*** DATA Section Begins ***

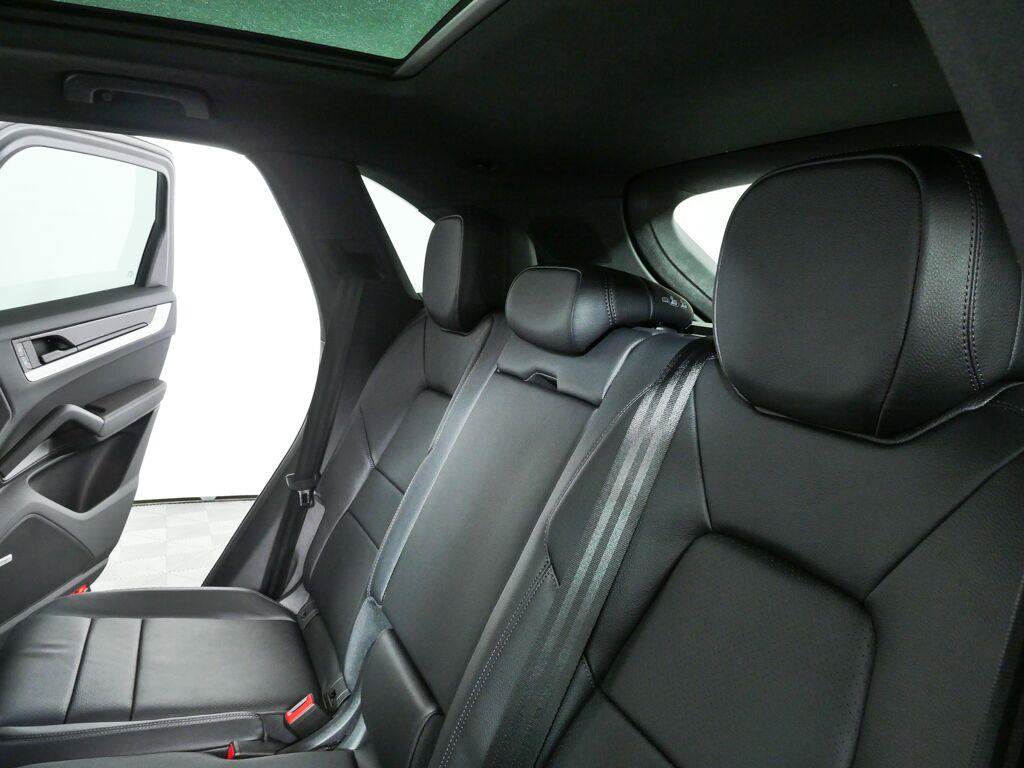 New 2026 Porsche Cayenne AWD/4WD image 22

*** DATA Section Ends ***
*** DATA Section Begins ***

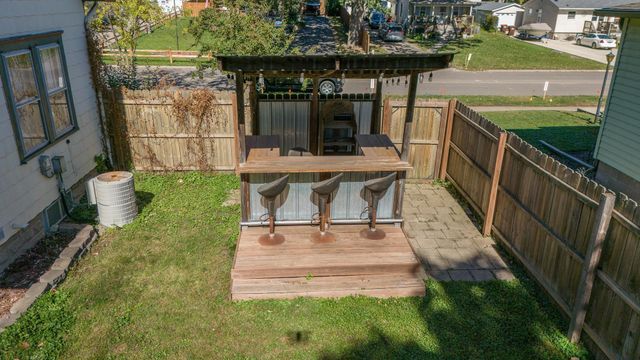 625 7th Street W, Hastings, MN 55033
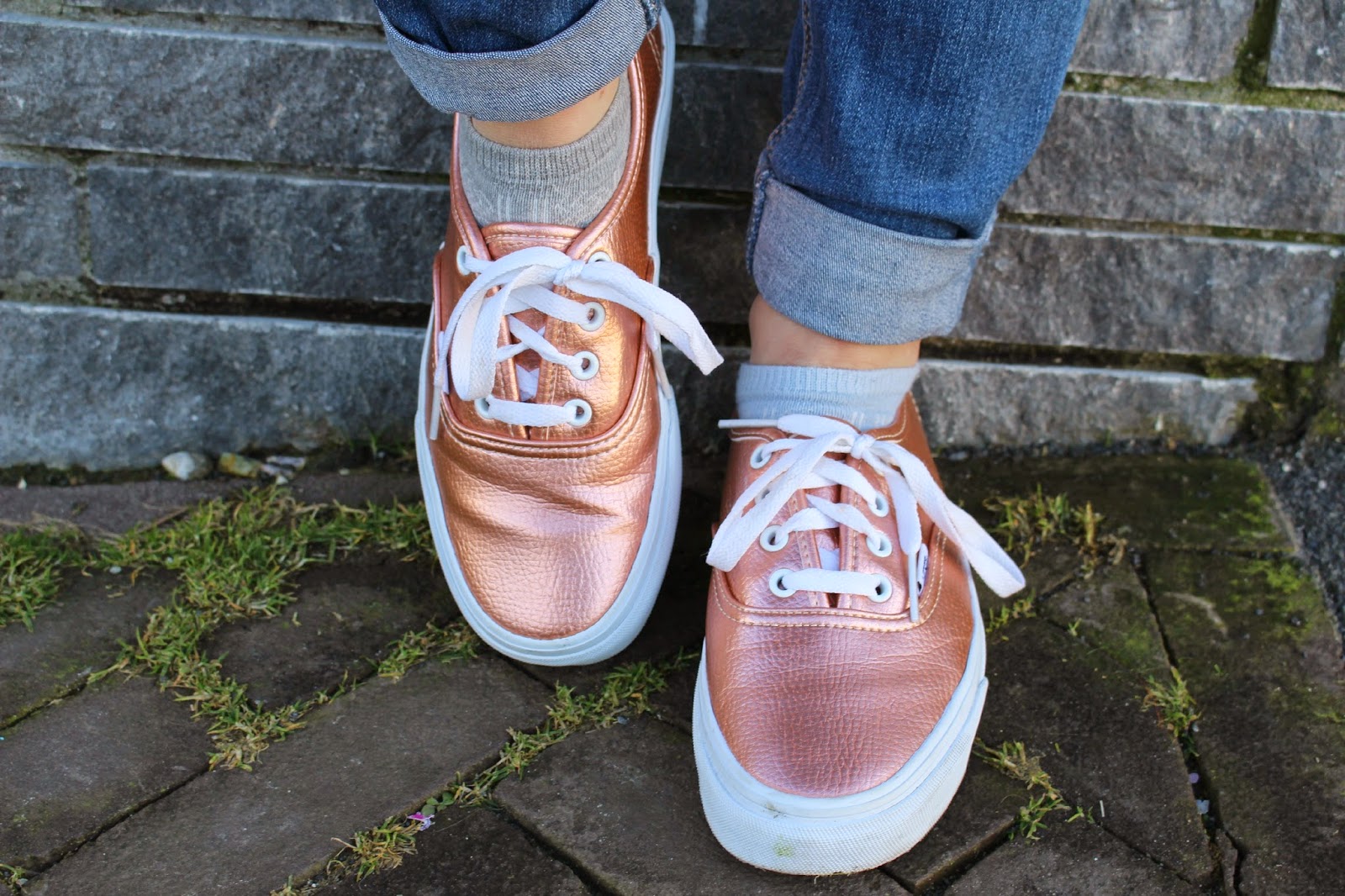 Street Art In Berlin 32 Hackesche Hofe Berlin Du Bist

*** DATA Section Ends ***

#### WHAT THE TASK ASKS:
Using the material above, reproduce only the lines that run from the line with "625 7th Street W, Hastings, MN 55033" up to and including the line with "Street Art In", exactly, with the pictures dropped.

#### TASK OUTPUT:
 625 7th Street W, Hastings, MN 55033
 Street Art In Berlin 32 Hackesche Hofe Berlin Du Bist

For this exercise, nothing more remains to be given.